The system that makes the death penalty possible has also come under scrutiny in the face of the scarcity of lethal injection drugs and recent botched executions. Nebraska, for instance, lacks the drugs it needs to execute any of its 11 death-row inmates, and the last execution in the state was in 1997, The Wall Street Journal reported.

“If any other system in our government was as ineffective and inefficient as is our death penalty, we conservatives would have gotten rid of it a long, long time ago,”  Sen. Colby Coash, (R) of Lincoln, told the Journal.

Some victims’ families have also recently come out against the death penalty, saying that the years of appeals did little to help them heal or move forward. During the trial of convicted Boston marathon bomber Dzhokhar Tsarnaev, Bill and Denise Richard, whose 8-year-old was killed in the attack, publicly spoke against the prospect of a death sentence for Tsarnaev.
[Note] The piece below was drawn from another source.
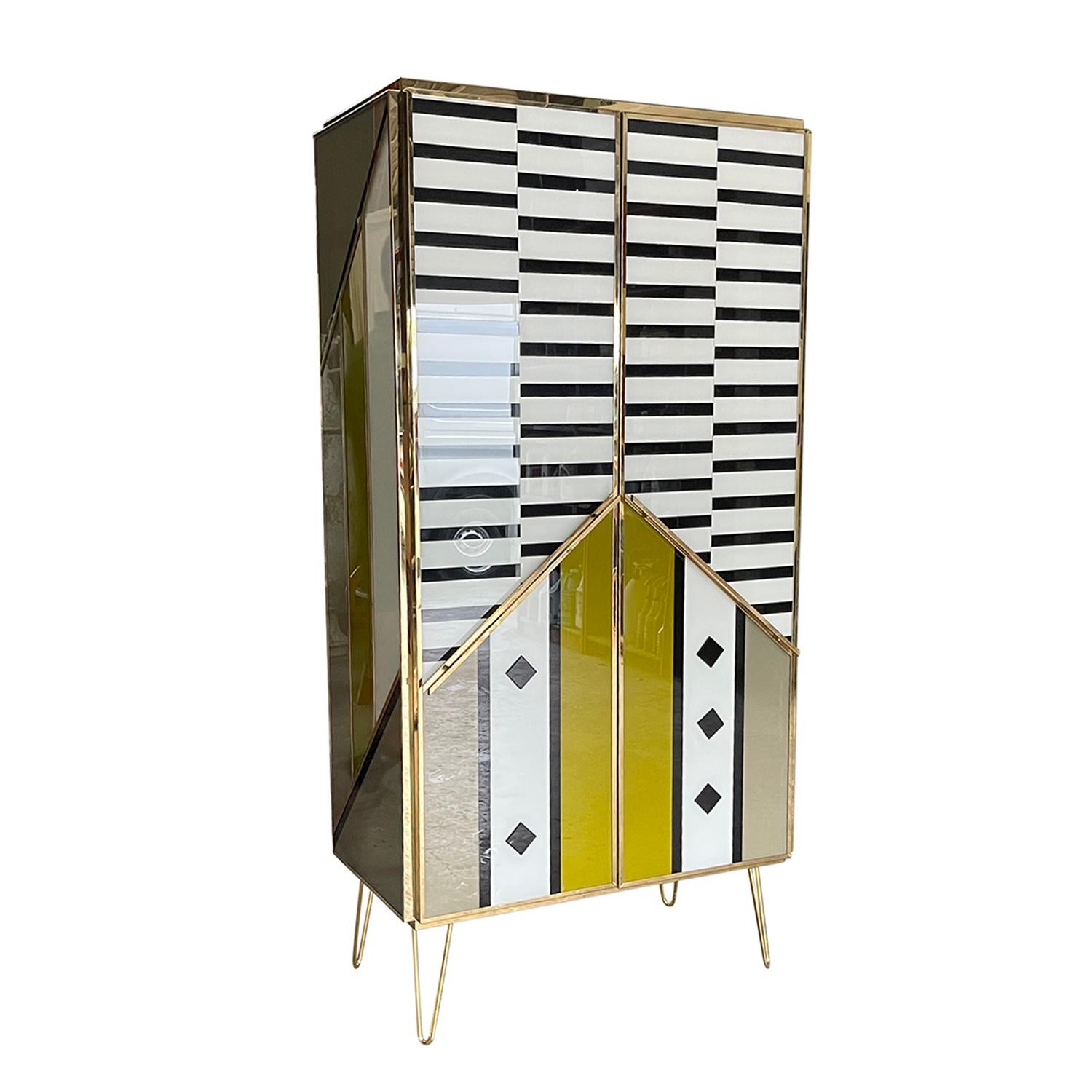 Polished 21st Century Italian Mid-Century Modern Style Colored Murano Glass Cabinet For Sale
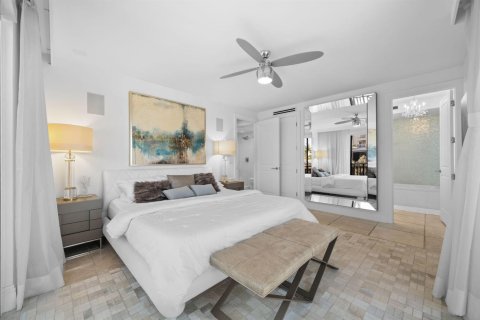 Condominio en alquiler en Fort Lauderdale, Florida, 2 dormitorios, 117.43 m2 № 2182490 - foto 14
“The continued pursuit of that punishment could bring years of appeals and prolong reliving the most painful day of our lives,” they wrote in an essay for The Boston Globe. “The minute the defendant fades from our newspapers and TV screens is the minute we begin the process of rebuilding our lives and our family.”

Not everyone is in favor of abolition. Nebraska Gov. Ricketts, who announced last week that the state had bought new lethal injection drugs, has pledged to veto the bill, requiring an override vote.

“This is a case where the Legislature is completely out of touch with the overwhelming majority of Nebraskans that I talk to," Ricketts told the AP.

The most recent Pew Research Center numbers also show that nationally, more than three-quarters of Republicans still favor capital punishment, compared to only 40 percent of Democrats.

Still, conservative opposition to the death penalty is increasingly present. Even in Texas – the top state for executions, with more than 400 since 1976 – death sentences have been on the decline: The state executed 35 people in 1999 compared to 10 last year.

“There is no doubt about it. We’re seeing a reduction in the use of the death penalty in Texas,” Kathryn Kase, executive director of the nonprofit Texas Defender Service, told The Dallas Morning News earlier this month.

“Here it is May, and we have had only two death penalty cases in Texas,” Ms. Kase added. “And in both, the jury chose life without parole instead. That strikes me as really significant.”